Intelligence agencies in the North might have kept the state of his health under wraps, including from top officials, out of fear, says Stephan Haggard, director of the Korea-Pacific Programme at the University of California, San Diego.
At some stage, someone would have realised "that the worst of all possible worlds is for the guy to die in custody", kickstarting a frantic diplomatic effort to get him out, he told the AFP news agency.
Dr Daniel Kanter, one of those looking after Otto in Cincinnati, said last week that he was in "a state of unresponsive wakefulness". He had not spoken but had "spontaneous eye opening and blinking", he said.
Respiratory arrest is believed to be the cause of the brain damage, but it remains unclear what caused it. There are no signs that Otto was beaten.
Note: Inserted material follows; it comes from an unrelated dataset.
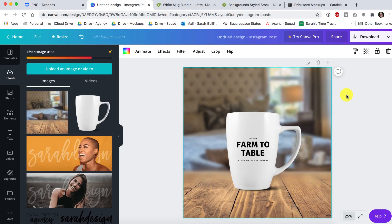If you've been wanting to make drinkware mock-ups in Canva or some other program besides Photoshop and wanted to use my files, you're in luck. I'm going to show you how to do this in Canva today.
When the plane carrying Otto touched down last week, people gathered at the airport cheered.
"It's just been so long that he's been there that to hear he is actually coming home was incredible," his college roommate Emmett Saulnier told CNN before Otto arrived.
He was carried out with a tube attached to his nose, and sent straight to hospital by ambulance.
The University of Virginia welcomed his return, but President Teresa Sullivan said the community was "deeply concerned and saddened" to learn of his condition.
"I knelt down by his side and I hugged him and I told him I missed him and I was so glad he made it home," Fred Warmbier said.
"These things are tough to process but he's with us and we're trying to make him comfortable and we want to be a part of his life."
But on 19 June, the Warmbier family announced that Otto had "completed his journey home" and died in hospital surrounded by his family.
They repeated their insistence that North Korea had killed him.
"The awful torturous mistreatment our son received at the hands of the North Koreans ensured that no other outcome was possible beyond the sad one we experienced today."